Oracle Machine Learning for R (OML4R) makes the open source R statistical programming language and environment ready for the enterprise and big data. Designed for problems involving both large and small volumes of data, OML4R integrates R with Oracle Database.
Data scientists and broader R users can take advantage of the R ecosystem on data managed by Oracle Database. R provides a suite of software packages for data manipulation, graphics, statistical functions, and machine learning algorithms. Oracle Machine Learning for R extends R’s capabilities through three primary areas: transparent access and manipulation of database data from R, in-database machine learning algorithms, ease of deployment using embedded R execution.
Oracle Machine Learning also supports a "drag and drop" graphical user interface, Oracle Data Miner, that is integrated with Oracle SQL Developer and is capable of executing user-defined R functions as part of user-created analytics workflows.
Transparency layer - Leverage R data.frame proxy objects so data remains as database tables and views. Overloaded R functions translate select R functionality to equivalent SQL for in-database processing, parallelism, scalability and security. Data scientists can use familiar R syntax to manipulate database data that remains in the database. Leverage the package OREdplyr, which provides overloaded functionality from the popular open source R dplyr package.

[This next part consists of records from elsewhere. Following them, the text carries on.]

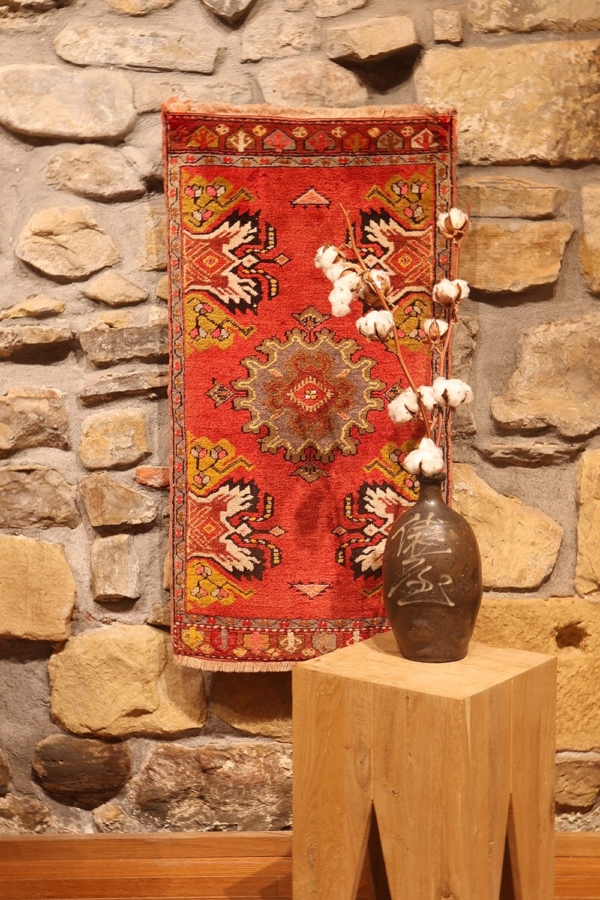 Semi-antique yastik rug from Turkey. 91x48 cms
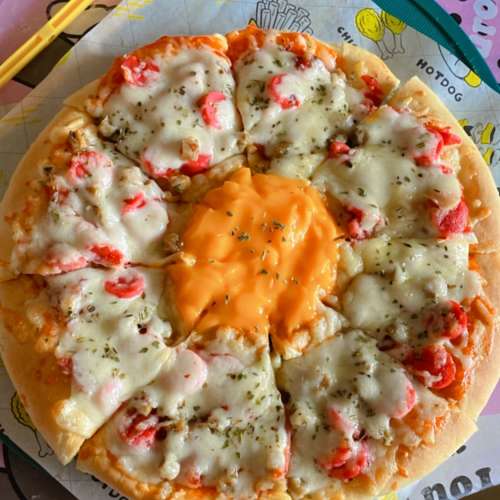 pizza chesee lava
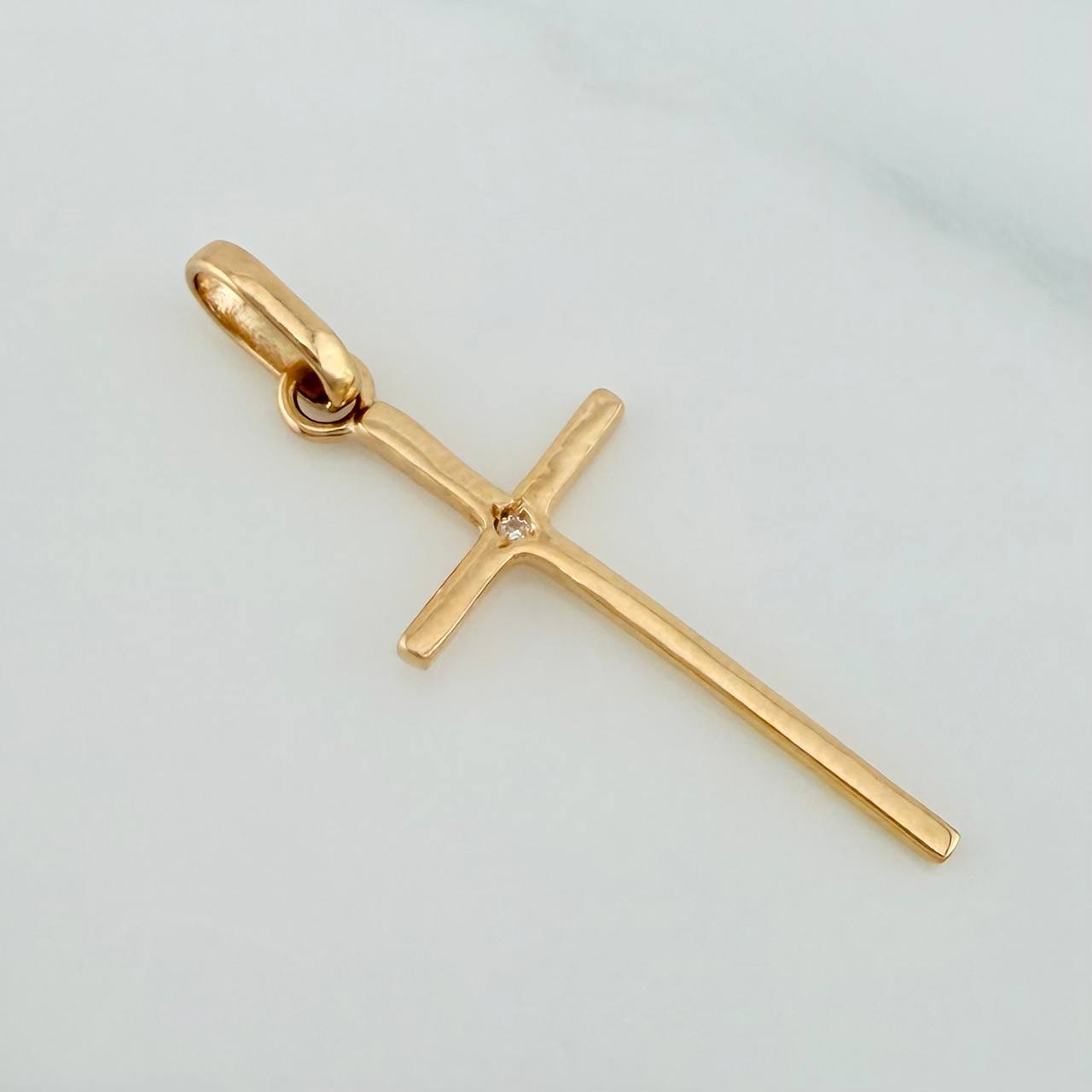 Dije Cruz 0.8gr / 3.7cm / Oro Amarillo 18K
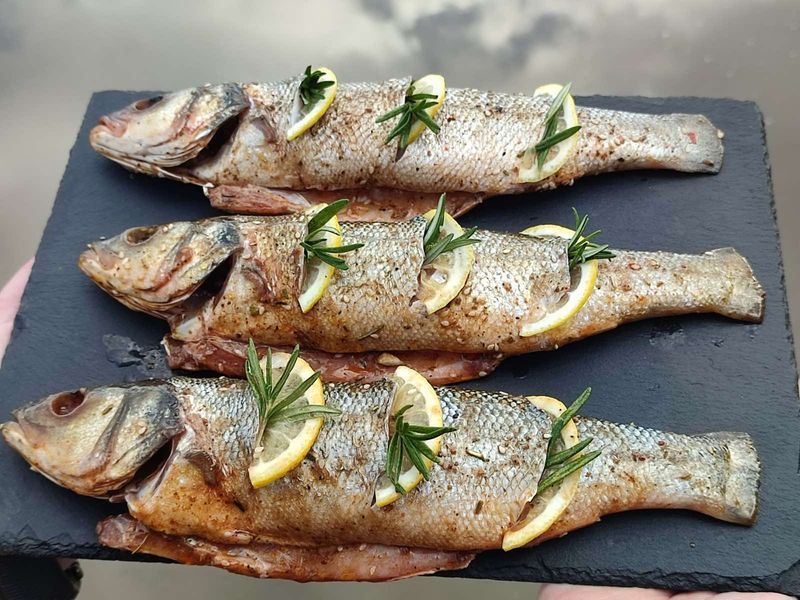 Сибас в средиземноморском маринаде, потрошенный, в/у (вес) Мясо или рыба 920 фото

Machine Learning Algorithms - R users can take advantage of Oracle Machine Learning’s library of in-database, parallel algorithms using the R language. Users can specify machine learning models using the familiar R formula syntax. Algorithms support classification, regression, anomaly detection, clustering, feature extraction, time series, and association rules.
Embedded R Execution - Manage and invoke user-defined R functions in Oracle Database for data-parallel, task-parallel, and non-parallel execution, which may also use third-party R packages, e.g., from the CRAN repository. When data scientists require techniques from the R ecosystem to satisfy unique requirements, they can leverage the R ecosystem.
Integrated Text Mining - The in-database algorithms accept text columns from tables and views, and then automates term and theme extraction. The extracted data is combined with other predictors in building models and scoring data.
Partitioned Models - With in-database models, users can automatically create ensembles of models, where each component model is built on a user-specified partition of the data. Scoring is enabled and simplified using a single integrated model.